● Your instructions
The answer is all of the data repeated exactly, with each picture omitted.

● Supplied data
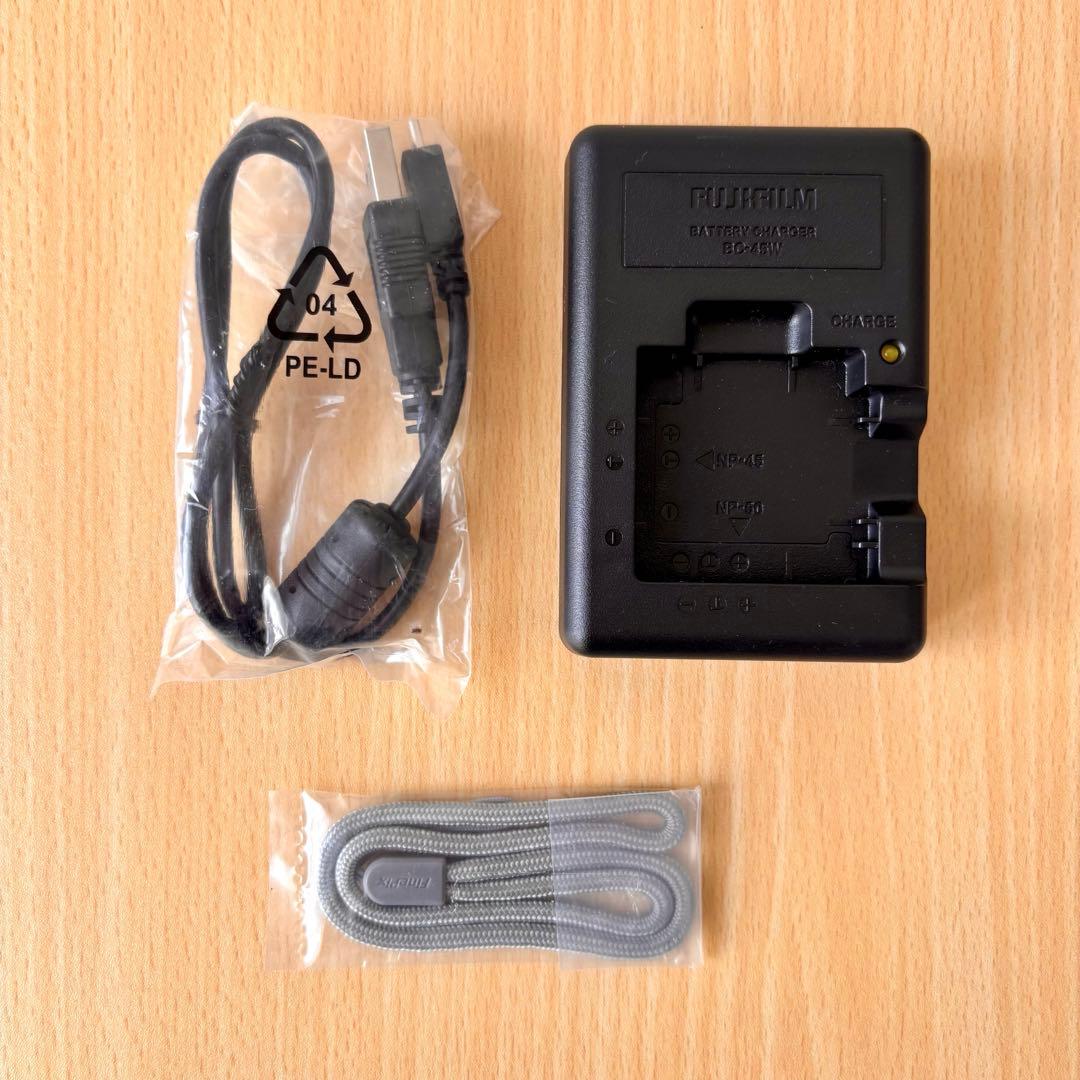 フジフィルム FUJIFILM FinePix Z700EXR SDカード付き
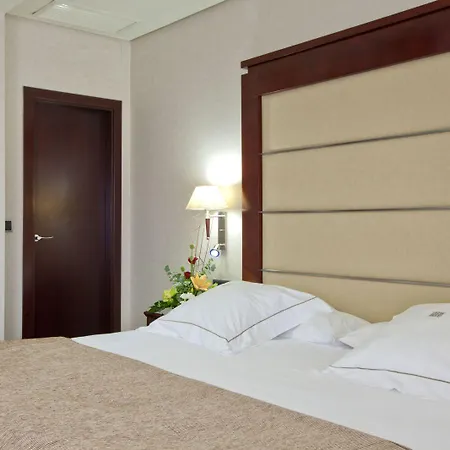 Hotel Center 4*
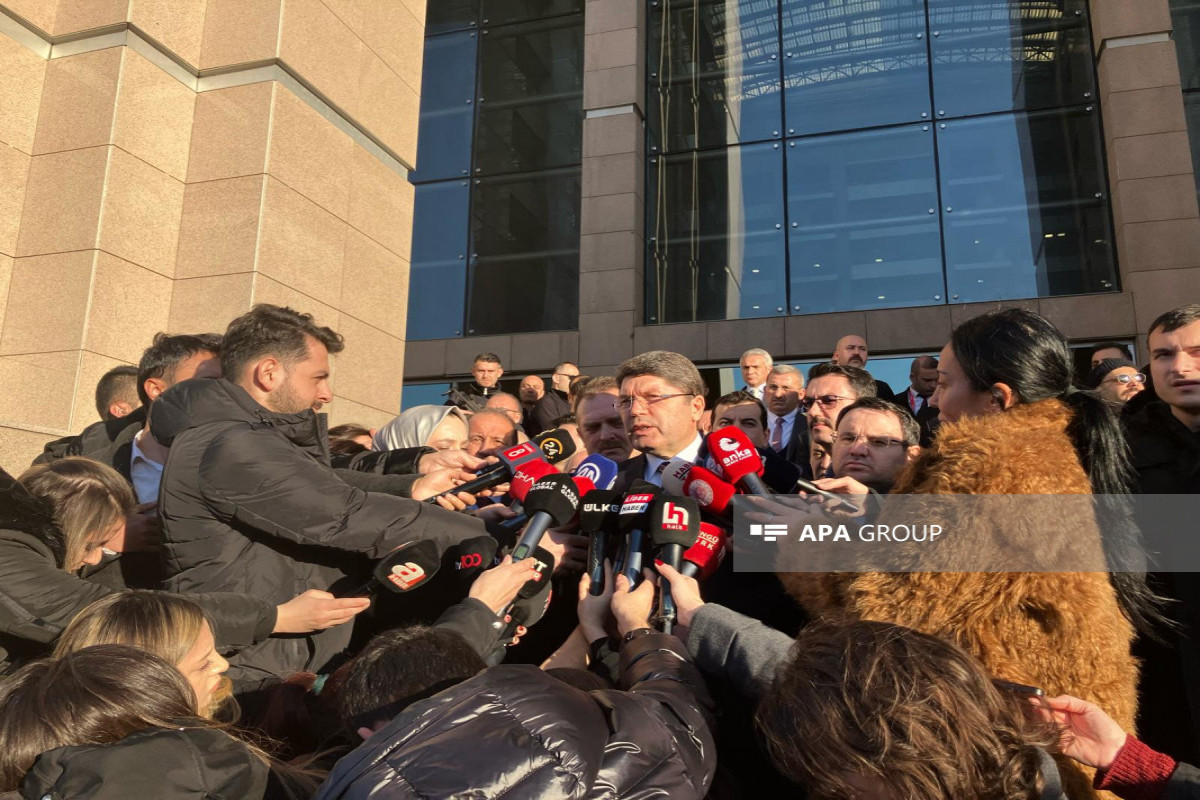 За вооруженное нападение у здания суда в Стамбуле задержаны 34 человека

● Answer space
 フジフィルム FUJIFILM FinePix Z700EXR SDカード付き
 Hotel Center 4*
 За вооруженное нападение у здания суда в Стамбуле задержаны 34 человека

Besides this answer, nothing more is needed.